Sulla base di questa stessa argomentazione, l'imputato ha poi proposto ricorso dinanzi i giudici di legittimità ma tale doglianza è stata ivi ritenuta infondata.
Recupero dell'imposta ancorato all'infruttuoso esperimento di procedure esecutive
E ciò in considerazione della circostanza che, nel caso in esame, il ricorrente non aveva mai dedotto di aver azionato i propri crediti, nemmeno con procedure monitorie.
Il legislatore - ha precisato la Corte - prevede sì meccanismi di recupero dell'imposta successivamente rivelatasi inesigibile per il mancato pagamento del corrispettivo fatturato, ma tali meccanismi, tuttavia, devono essere ancorati a dati oggettivi incontrovertibili come l'infruttuoso esperimento di procedure esecutive che, a loro volta, presuppongono l'avvenuto esercizio dell'azione civile per la tutela giudiziaria del credito.
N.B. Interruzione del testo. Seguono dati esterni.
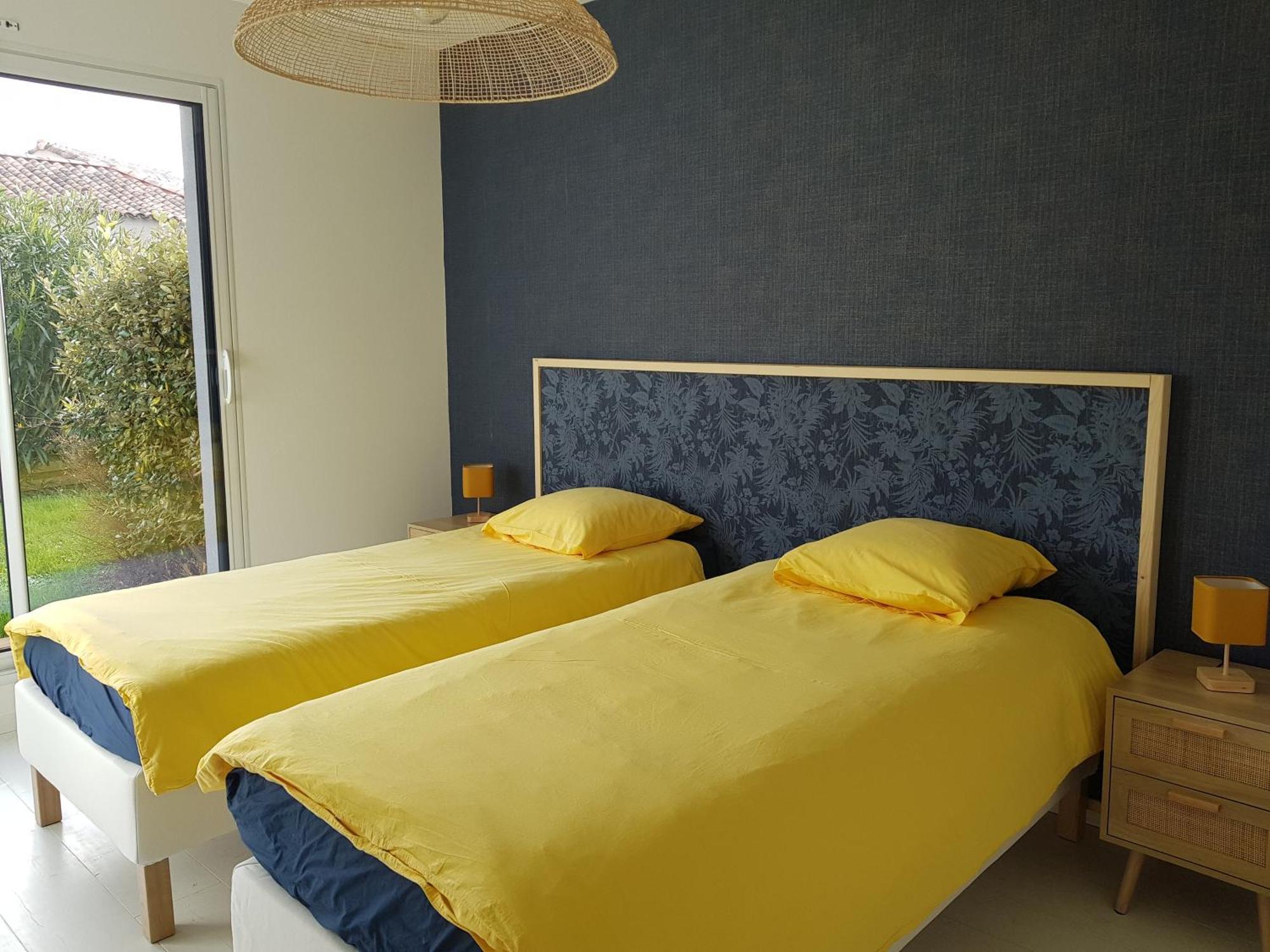 בוגונה 9 Pers 160 M² +Jardin- 10Mn Nantes -30Mn Mer מראה חיצוני תמונה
Pertanto - conclude la Suprema corte - la scorciatoia della creazione ad hoc di false fatture per ottenere un risultato che, in mancanza di deduzioni sulla tutela giudiziaria dei crediti, è oltretutto incerto, è da ritenere inammissibile.
Ciò per due ordini di ragioni: il risultato perseguito non è affatto scontato; non è ammissibile ricorrere ad una azione criminosa per conseguire un risultato lecito per il quale, oltretutto, l'ordinamento contempla strumenti idonei allo scopo.